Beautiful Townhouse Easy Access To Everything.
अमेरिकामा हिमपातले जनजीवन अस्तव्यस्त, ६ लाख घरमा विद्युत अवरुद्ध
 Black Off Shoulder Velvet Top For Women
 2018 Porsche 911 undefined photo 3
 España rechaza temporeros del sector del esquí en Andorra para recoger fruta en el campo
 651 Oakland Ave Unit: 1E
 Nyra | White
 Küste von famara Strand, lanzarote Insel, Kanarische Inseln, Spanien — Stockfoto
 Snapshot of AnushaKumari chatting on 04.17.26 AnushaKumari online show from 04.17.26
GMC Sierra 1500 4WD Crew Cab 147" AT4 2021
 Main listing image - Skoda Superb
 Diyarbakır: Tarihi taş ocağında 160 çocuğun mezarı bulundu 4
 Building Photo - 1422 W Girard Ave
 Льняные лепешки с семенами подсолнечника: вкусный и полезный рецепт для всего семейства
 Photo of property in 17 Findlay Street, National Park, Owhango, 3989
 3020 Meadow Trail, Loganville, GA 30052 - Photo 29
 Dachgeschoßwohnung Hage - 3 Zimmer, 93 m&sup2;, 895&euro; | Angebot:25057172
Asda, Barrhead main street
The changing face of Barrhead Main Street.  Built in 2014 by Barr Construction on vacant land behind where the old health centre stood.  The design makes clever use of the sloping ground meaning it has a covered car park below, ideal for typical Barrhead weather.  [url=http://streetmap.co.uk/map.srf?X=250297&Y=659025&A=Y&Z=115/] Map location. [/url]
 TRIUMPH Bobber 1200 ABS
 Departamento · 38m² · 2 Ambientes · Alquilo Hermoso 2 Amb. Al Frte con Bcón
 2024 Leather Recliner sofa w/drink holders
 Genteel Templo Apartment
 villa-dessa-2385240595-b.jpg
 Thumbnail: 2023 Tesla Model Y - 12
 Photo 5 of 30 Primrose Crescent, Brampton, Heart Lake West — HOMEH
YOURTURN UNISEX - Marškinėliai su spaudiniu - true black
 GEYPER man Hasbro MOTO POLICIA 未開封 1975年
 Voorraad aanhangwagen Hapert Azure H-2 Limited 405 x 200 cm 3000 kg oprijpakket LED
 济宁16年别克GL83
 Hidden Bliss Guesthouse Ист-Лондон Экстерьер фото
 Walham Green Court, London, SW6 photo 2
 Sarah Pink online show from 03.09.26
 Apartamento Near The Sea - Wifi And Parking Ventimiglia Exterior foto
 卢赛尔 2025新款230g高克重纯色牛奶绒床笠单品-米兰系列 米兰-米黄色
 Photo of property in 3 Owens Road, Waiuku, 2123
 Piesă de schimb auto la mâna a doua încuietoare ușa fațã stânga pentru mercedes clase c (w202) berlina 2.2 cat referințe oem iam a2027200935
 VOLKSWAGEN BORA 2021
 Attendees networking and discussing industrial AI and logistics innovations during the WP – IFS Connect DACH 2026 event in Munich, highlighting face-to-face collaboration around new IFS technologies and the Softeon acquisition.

> Your task: Above are the records; repeat exactly the lines from the one holding "Dachgeschoßwohnung Hage - 3" down to the one holding "VOLKSWAGEN BORA 2021", end lines included.

> Result of the exercise:
 Dachgeschoßwohnung Hage - 3 Zimmer, 93 m&sup2;, 895&euro; | Angebot:25057172
Asda, Barrhead main street
The changing face of Barrhead Main Street.  Built in 2014 by Barr Construction on vacant land behind where the old health centre stood.  The design makes clever use of the sloping ground meaning it has a covered car park below, ideal for typical Barrhead weather.  [url=http://streetmap.co.uk/map.srf?X=250297&Y=659025&A=Y&Z=115/] Map location. [/url]
 TRIUMPH Bobber 1200 ABS
 Departamento · 38m² · 2 Ambientes · Alquilo Hermoso 2 Amb. Al Frte con Bcón
 2024 Leather Recliner sofa w/drink holders
 Genteel Templo Apartment
 villa-dessa-2385240595-b.jpg
 Thumbnail: 2023 Tesla Model Y - 12
 Photo 5 of 30 Primrose Crescent, Brampton, Heart Lake West — HOMEH
YOURTURN UNISEX - Marškinėliai su spaudiniu - true black
 GEYPER man Hasbro MOTO POLICIA 未開封 1975年
 Voorraad aanhangwagen Hapert Azure H-2 Limited 405 x 200 cm 3000 kg oprijpakket LED
 济宁16年别克GL83
 Hidden Bliss Guesthouse Ист-Лондон Экстерьер фото
 Walham Green Court, London, SW6 photo 2
 Sarah Pink online show from 03.09.26
 Apartamento Near The Sea - Wifi And Parking Ventimiglia Exterior foto
 卢赛尔 2025新款230g高克重纯色牛奶绒床笠单品-米兰系列 米兰-米黄色
 Photo of property in 3 Owens Road, Waiuku, 2123
 Piesă de schimb auto la mâna a doua încuietoare ușa fațã stânga pentru mercedes clase c (w202) berlina 2.2 cat referințe oem iam a2027200935
 VOLKSWAGEN BORA 2021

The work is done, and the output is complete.